Jungkir Balik Sediakan THR PNS

(Regulasi Tunjangan Hari Raya Keagamaan, dan Gaji ke-13)

Oleh :
Yunus Supanto
Wartawan Senior Penggiat Dakwah Sosial Politik

Presiden Joko Widodo, memastikan seluruh pegawai pemerintah, buruh, dan karyawan swasta, akan menerima THR (Tunjangan Hari Raya). Juga pensiunan PNS. Semuanya menerima THR sebesar satu bulan penghasilan (gaji pokok dan tunjangan). Tidak tanggung-tanggung, peraturan tentang THR, dan gaji ke-13 PNS, tahun 2019 dituangkan dalam Peraturan Pemerintah. Pembayarannya akan ditransfer dari APBN. Namun tidak mudah menunaikan THR untuk PNS daerah yang biasa ditanggung APBD.
Tidak mudah menunaikan THR, dan gaji ke-13 untuk PNS (Pegawai Negeri Sipil) di seluruh Indonesia. Nominal totalnya mencapai Rp 60 trilyun. Yakni, Rp 20 trilyun (untuk THR), dan Rp 40 trilyun untuk gaji ke-13. Dengan regulasi yang mantap (berupa Peraturan Pemerintah), kelak, tidak terjadi lagi perdebatan tentang THR untuk PNS. Karena sampai tahun (2018) lalu, masih terdapat ke-enggan-an Pemerintah Daerah menunaikan THR.

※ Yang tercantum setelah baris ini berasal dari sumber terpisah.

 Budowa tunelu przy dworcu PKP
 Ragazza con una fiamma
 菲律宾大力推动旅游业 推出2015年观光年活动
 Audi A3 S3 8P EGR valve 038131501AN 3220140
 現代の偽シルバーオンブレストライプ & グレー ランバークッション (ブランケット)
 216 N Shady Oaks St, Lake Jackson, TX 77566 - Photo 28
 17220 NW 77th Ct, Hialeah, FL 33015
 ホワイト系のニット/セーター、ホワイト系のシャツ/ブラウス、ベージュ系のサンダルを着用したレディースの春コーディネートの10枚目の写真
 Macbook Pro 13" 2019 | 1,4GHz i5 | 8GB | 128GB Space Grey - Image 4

Sampai kini pemberian THR masih perlu payung hukum memadai, agar tidak menjadi jebakan hukum kepala daerah. Tiada kepala daerah yang menolak gagasan pemberian THR kepada PNS. Karena setiap pejabat publik di daerah (termasuk Gubernur, Bupati, Walikota, dan segenap DPRD, akan memperoleh THR cukup besar. Walau bukan berasal dari karir PNS.
Ke-enggan-an Pemerintah Daerah, bisa dimaklumi. Andai memiliki APBD (Anggaran Pendapatan dan Belanja Daerah) yang cukup besar, juga perlu waspada. Kepala Daerah bisa disalahkan, menyalahgunakan wewenang. Lebih lagi menjelang pilkada (pemilihan daerah), bisa dituding money politics. Maka diperlukan regulasi (peraturan memadai) sebagai payung hukum THR. Dengan penerbitan PP tentang THR dan gaji ke-13, bagai memerintah Menteri Keuangan membayarkan THR.

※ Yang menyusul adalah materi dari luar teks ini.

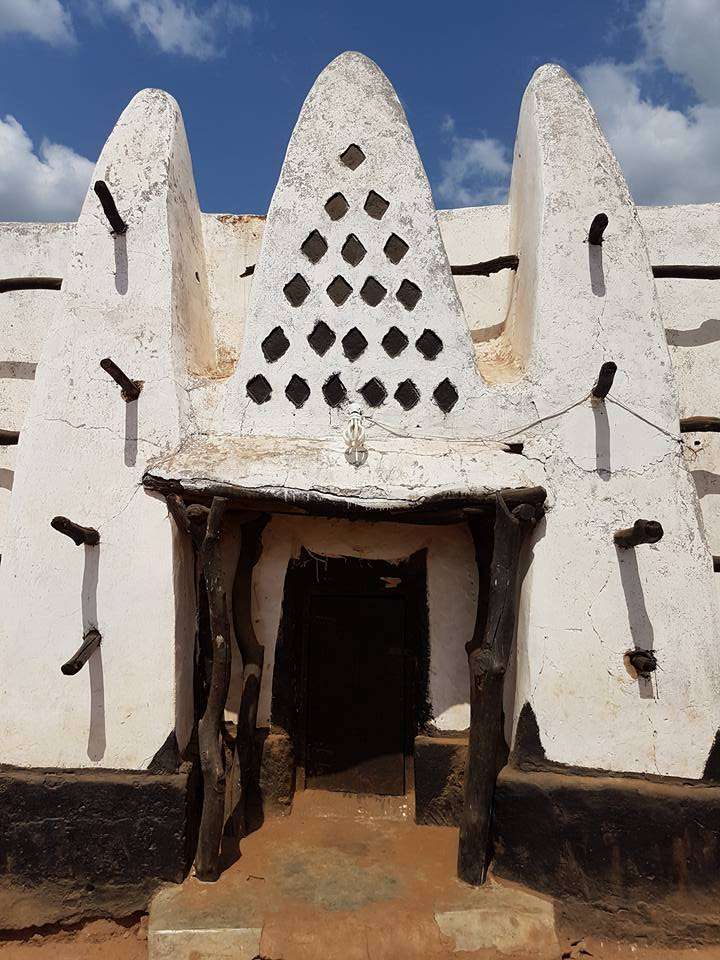 Intip Keindahan Mesjid Tertua di Ghana, Terbuat dari Lumpur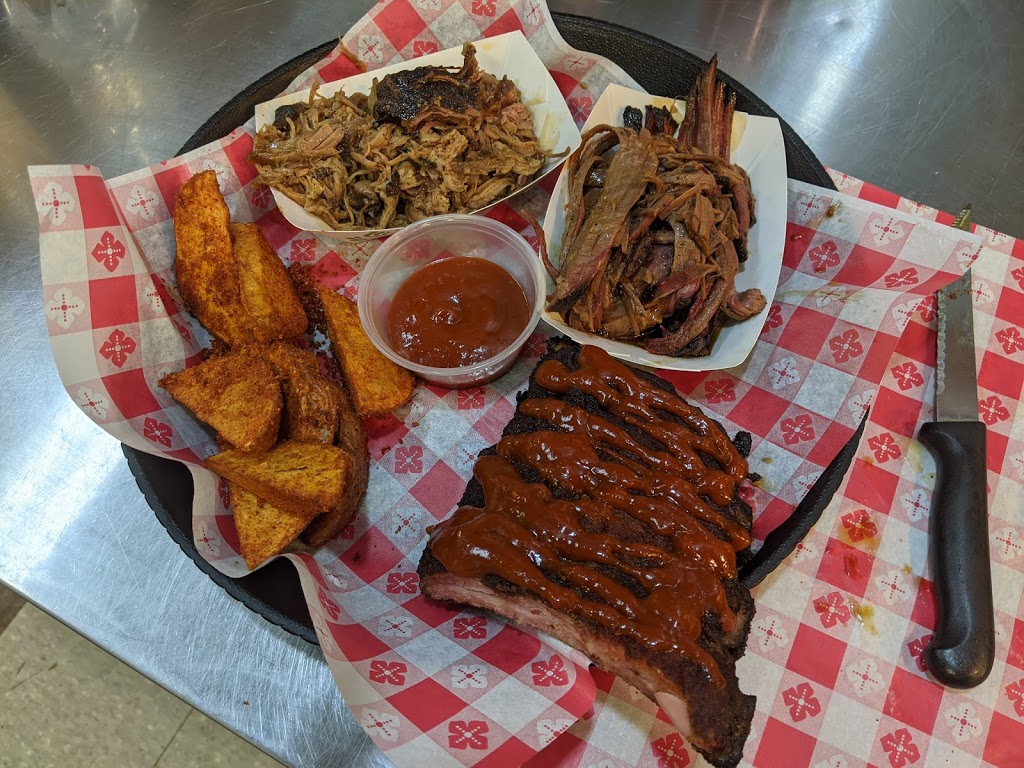 Mikey Gs | restaurant | N10307 US-151, Malone, WI 53049, USA | 9206700060 OR +1 920-670-0060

Berdasar PP Nomor 19 tahun 2018 tentang THR, alokasi anggaran THR secara nasional masuk dalam APBN. Menteri Keuangan berkewajiban men-transfer anggaran ke setiap Lembaga Negara, dan Kementerian, sebagai anggaran THR. Juga transfer ke daerah (propinsi, serta kabupaten dan kota). Masing-masing PNS akan menerima sebesar satu bulan penghasilan (gaji pokok ditambah tunjangan). Diperkirakan, pada H-7 lebaran (24 Mei 2019), THR sudah dibayarkan. Karena cuti bersama pada Senin, 3 Juni.
Permasalahan (keberatan pemerintah daerah) menunaikan THR, bermula dari pasal 3. Terdapat frasa kata “sebesar penghasilan sebulan pada bulan Mei” (dengan patokan hari raya Idul Fitri pada 16 Juni 2018). Padahal penghasilan PNS terdapat beberapa item. Selain gaji pokok dan tunjangan keluarga, terdapat beberapa item tunjangan lain sesuai kekuatan APBD masing-masing daerah. Itulah yang harus dibayarkan oleh pemerintah daerah.
Tidak mudah menunaikan THR manakala tidak ditunjang APBN. Terutama pada Pemda DKI Jakarta, disebabkan penghasilan PNS tertinggi di Indonesia. Rata-rata penghasilan PNS di Pemprop DKI Jakarta, mencapai Rp 20-an juta. Selain gaji pokok, dan tunjangan keluarga, beberapa daerah memiliki banyak item tunjangan. Antara lain, tunjangan daerah, tunjangan prestasi, tunjangan profesi, dan tunjangan tambahan. Pemda lain yang memiliki indeks remunerasi tinggi, adalah Pemerintah Kota Surabaya, dan Pemprop Jawa Barat.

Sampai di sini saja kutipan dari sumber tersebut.